The Sofia Declaration spoke of alignment with the EU’s Emissions Trading System (ETS) and the introduction of other pricing instruments at the regional level to promote decarbonization. Thus far, only Montenegro, which sees itself as a local leader in adopting EU standards on energy and climate, has introduced a national cap-and-trade scheme. It covers the TPP near the city of Pljevlja; the aluminum smelter in the capital, Podgorica; and the steel mill in the city of Nikšić. However, the results have been mixed, not least because of Montenegro’s unambitious nationally determined contributions.
In 2021, North Macedonia’s electricity utility, ESM, introduced an internal carbon-pricing mechanism in line with a commitment under the Energy Community. The purpose is to establish a realistic estimate of the cost of electricity with an added carbon tax. However, ESM does not add the extra charge to its prices but rather uses it as an internal benchmark. The goal is to introduce carbon pricing by 2025. Currently, the national electricity companies in the region are discussing the establishment of a Western Balkans–wide emissions trading system. As long as carbon pricing is not in place, coal-generated electricity will remain relatively cheap.
PHASING OUT COAL
In principle, the Western Balkan countries have committed to phase out coal. Albania, Montenegro, and North Macedonia have joined the Powering Past Coal Alliance, launched by Canada at the 2017 UN Climate Change Conference (COP23) to accelerate the transition away from coal. North Macedonia has pledged to close its TPPs at Oslomej and Bitola by 2030, while Montenegro’s target is 2035. Serbia’s national coal and electricity company, EPS, has promised to shut down ten TPPs between 2025 and 2035 through the government’s Go Green Road strategy.
The Energy Community has been driving public policy, in line with the EU’s goals. It has singled out ten thermal units across the region for decommissioning by the end of 2023. This is a part of the obligations imposed by the EU’s large combustion plants directive. The Western Balkan countries are currently submitting their national energy and climate plans, which will include proposals for the region’s TPPs, to the organization’s secretariat. In addition, the organization’s treaty contains provisions to limit pollution from power plants. However, these provisions do not include the phasing out of coal or even a reduction of output, but rather the modernization of existing capacity through the installation of scrubber systems to reduce carbon dioxide and sulfur dioxide.

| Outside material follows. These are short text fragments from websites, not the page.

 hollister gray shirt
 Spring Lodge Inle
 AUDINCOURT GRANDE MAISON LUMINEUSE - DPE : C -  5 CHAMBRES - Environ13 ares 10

On the positive side, investment in new coal capacity has stopped. Bosnia and Herzegovina gave up plans to build a new unit at the TPP in the city of Tuzla. Montenegro abandoned a project to build a second unit at Pljevlja, and Kosovo called off Kosova e Re, a project of at least 450 megawatts. That is a stark contrast to the situation in the 2010s, when Western Balkan countries launched projects to modernize existing TPPs and build new ones.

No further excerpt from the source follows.